Concerning the parameters explored in determining the classification pipeline, we did not, and could not, exhaustively test all possible combinations and approaches. We chose to test an arbitrary set of choices with respect to features, feature extraction, and classification approaches, based on availability of toolboxes and popularity in the literature, as well making some pragmatic choices with respect to the goal of the study and the task design. Finally, whereas we were able to propose standard settings for many parameters, and the model creation portion of the pipeline takes only a few minutes, we also recommend a 100-trial acquisition per condition calibration step. For our task, this takes approximately 15 min. However, given the similarity in the ICA topographies and the consistent activity in the time–frequency analysis, we expect that by using suitable priors, a sufficient calibration should be possible with fewer trials, leading to a significant acceleration of the calibration, as was achieved previously by Jayaram et al. (2016).

11.3 Outlook

Whereas “detectability” is a necessary requirement for a given brain state to serve as a therapeutic target in a closed-loop EEG-VR paradigm, this alone is not sufficient. We will also need to demonstrate “therapeutic relevance”, in that synchronizing a virtual neurorehabilitation task with a given brain state improves the long-term outcome for the patient. One characteristic of potentially relevant brain states is that they affect motor performance, making it more or less likely that an impaired motor function is executed successfully. This approach is based on the hypothesis that if a VR-based rehabilitation task is repeatedly executed during periods where it is more likely to be performed well, it improves the effectiveness of the therapy.

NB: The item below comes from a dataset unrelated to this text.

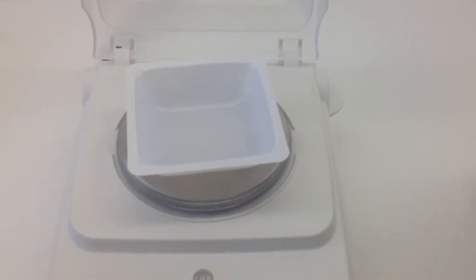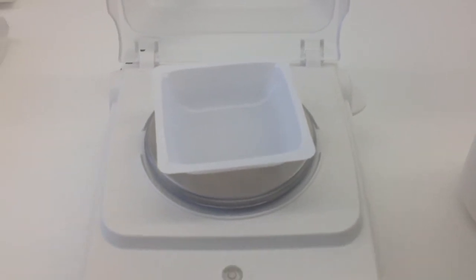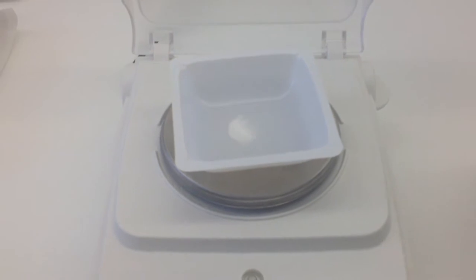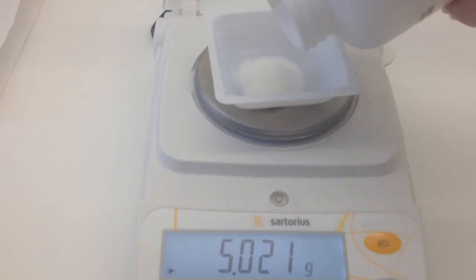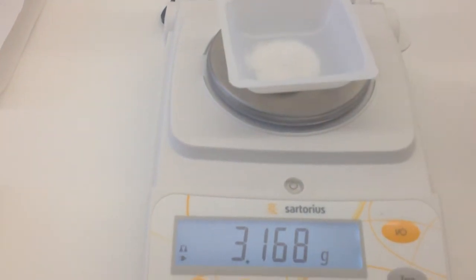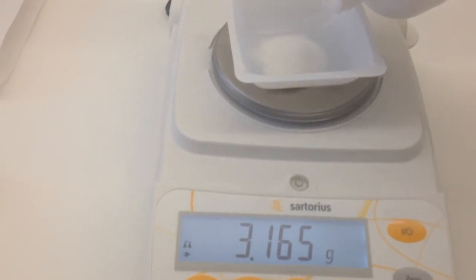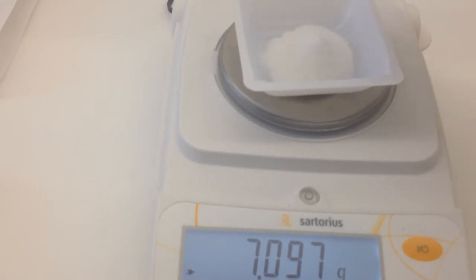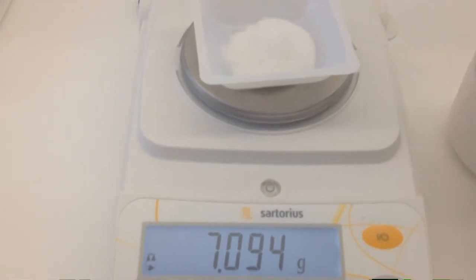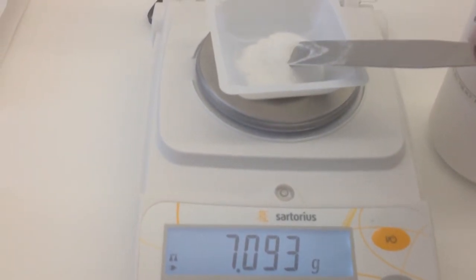I'm a little bit compromised for this step because I have one hand, so rather than using the spatula I may have to pour some of our product on — I'll just have to do so very carefully. In practice, your spatula is best to use. So if I pour this on, we can see that we now have 3.167. I don't have enough, I need to add a little more. And we've now added too much — we're now at approximately 7.09 grams. So now we actually have to remove some because we've added too much to our pan.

We would also like to point out that even a suboptimal classification accuracy, constrained by what is achievable in a clinical neurorehabilitation setting, may already lead to a significant patient benefit: This work is based on the hypothesis that a given VR-based rehabilitative motor task is therapeutically most effective when it is triggered during a specific brain state, which can be estimated through EEG. If a spontaneously occurring target brain state (e.g., synchronicity between the left and right motor cortex) is matched by chance (without using the EEG signal to control the VR task) only rarely (say, 10% of the trials), achieving an accurate match even 50% of the time would achieve a fivefold increase in correctly matched training events. Clinical trials are needed to determine how such an approach translates to clinical outcome.

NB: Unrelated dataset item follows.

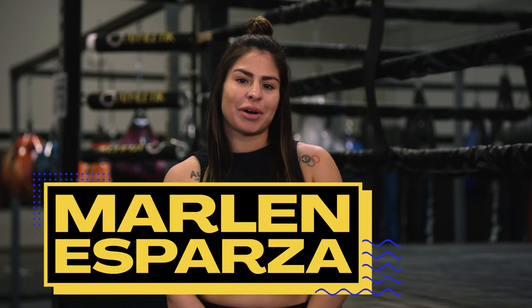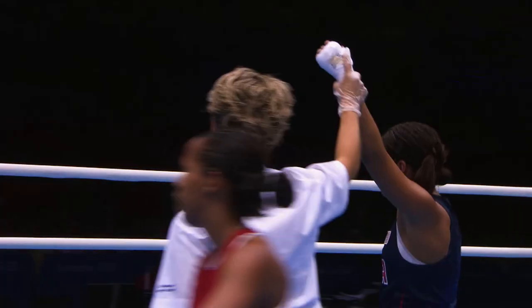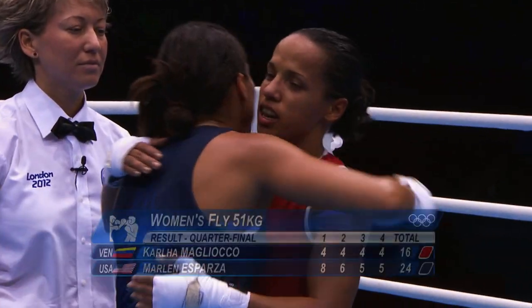Hi, I'm Erlena Esparza, Olympic boxer for Team USA. I won a bronze medal at the 2012 London Olympic Games. And fun fact, I was the first woman to ever qualify for the Olympic Games in boxing.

In conclusion, we hope that this study will enable experimenters, clinicians, and therapists to quickly prepare VR-based therapy that is linked to ongoing fluctuating brain states; and to venture into a scenario where the patient’s brain creates the virtual environment that in turn supports brain network reorganization in a true “closed-loop” fashion. This allows for applications beyond mirror therapy, such as visually experiencing the illusion of successful movements triggered by imagination and intention, controlling the type and timing of VR-based therapy tasks, and presenting stimuli at the moments most conducive to executing a successful movement, as determined by the individual’s own brain state.